§ **Requirement**
Starting at the line that contains "(Slowed+reverb) Shikwa nahi", transcribe each line exactly through the end of the data below, and skip any pictures.
Material shown START
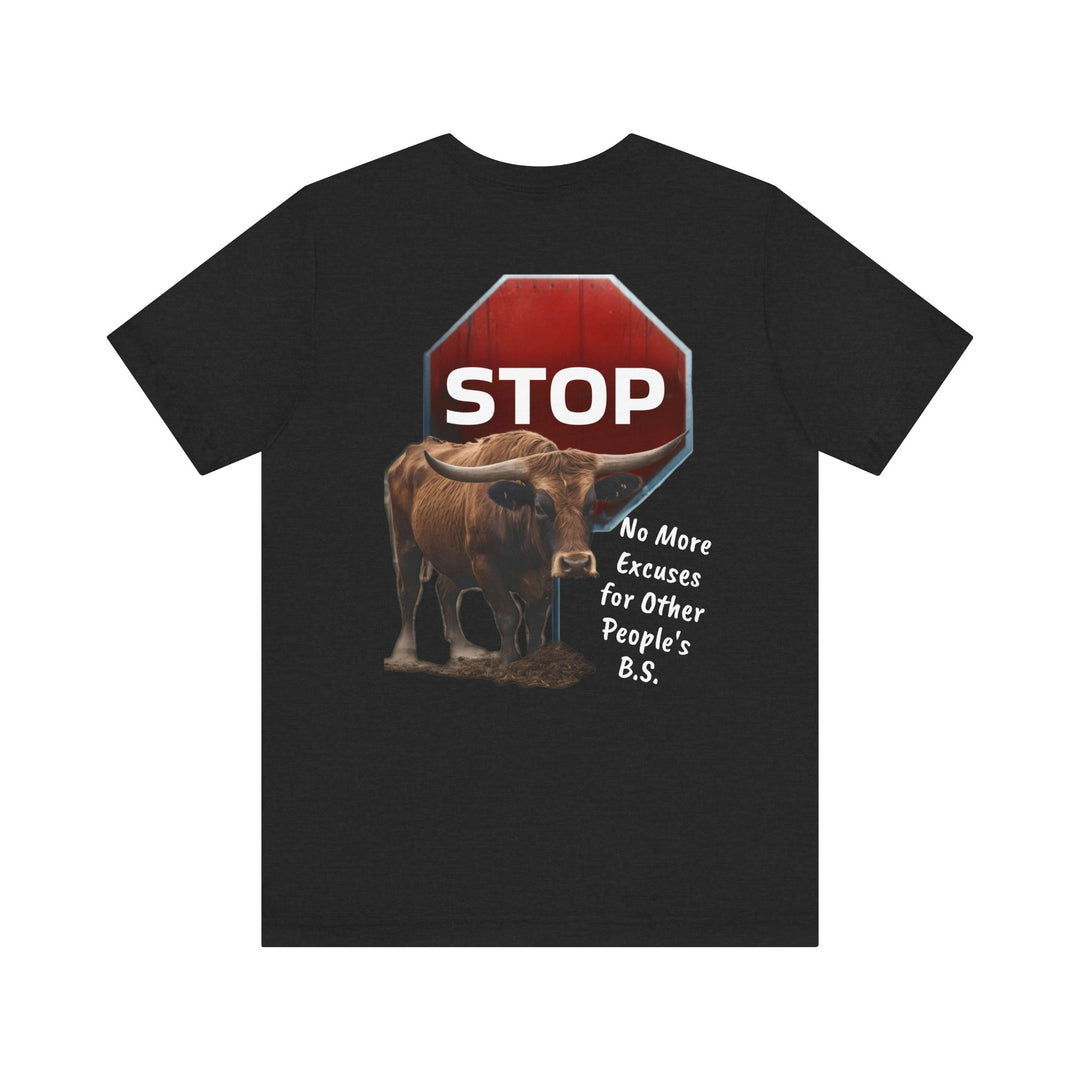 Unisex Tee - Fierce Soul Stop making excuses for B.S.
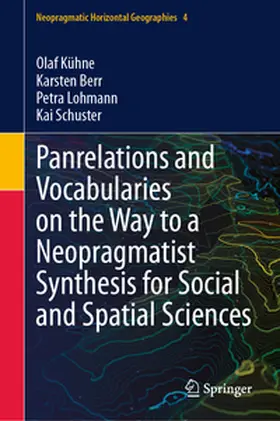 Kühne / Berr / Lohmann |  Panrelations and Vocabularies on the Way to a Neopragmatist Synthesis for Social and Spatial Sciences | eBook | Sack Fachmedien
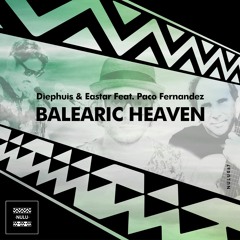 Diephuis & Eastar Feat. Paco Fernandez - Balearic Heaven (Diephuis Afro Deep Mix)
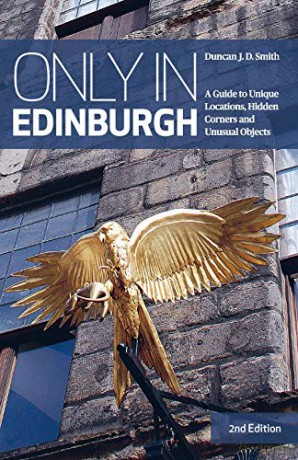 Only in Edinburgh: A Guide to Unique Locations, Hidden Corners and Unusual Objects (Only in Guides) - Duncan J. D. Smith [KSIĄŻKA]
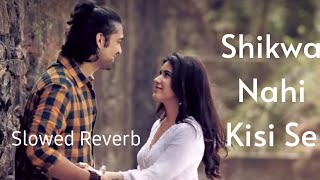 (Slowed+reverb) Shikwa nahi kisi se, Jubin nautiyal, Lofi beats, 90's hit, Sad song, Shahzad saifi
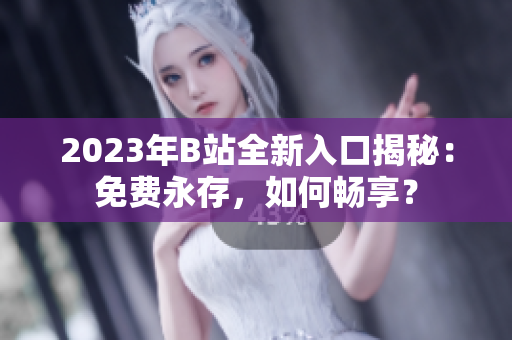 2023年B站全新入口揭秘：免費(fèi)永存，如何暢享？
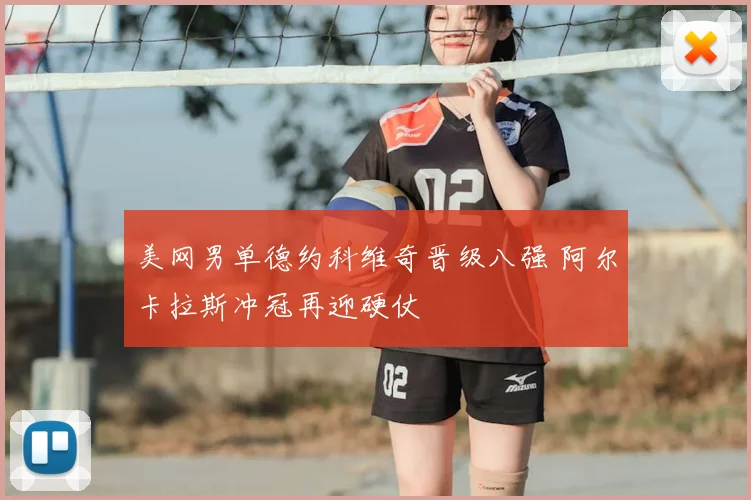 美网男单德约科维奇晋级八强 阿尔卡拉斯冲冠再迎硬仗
Material shown END
§ **The completed task**
 (Slowed+reverb) Shikwa nahi kisi se, Jubin nautiyal, Lofi beats, 90's hit, Sad song, Shahzad saifi
 2023年B站全新入口揭秘：免費(fèi)永存，如何暢享？
 美网男单德约科维奇晋级八强 阿尔卡拉斯冲冠再迎硬仗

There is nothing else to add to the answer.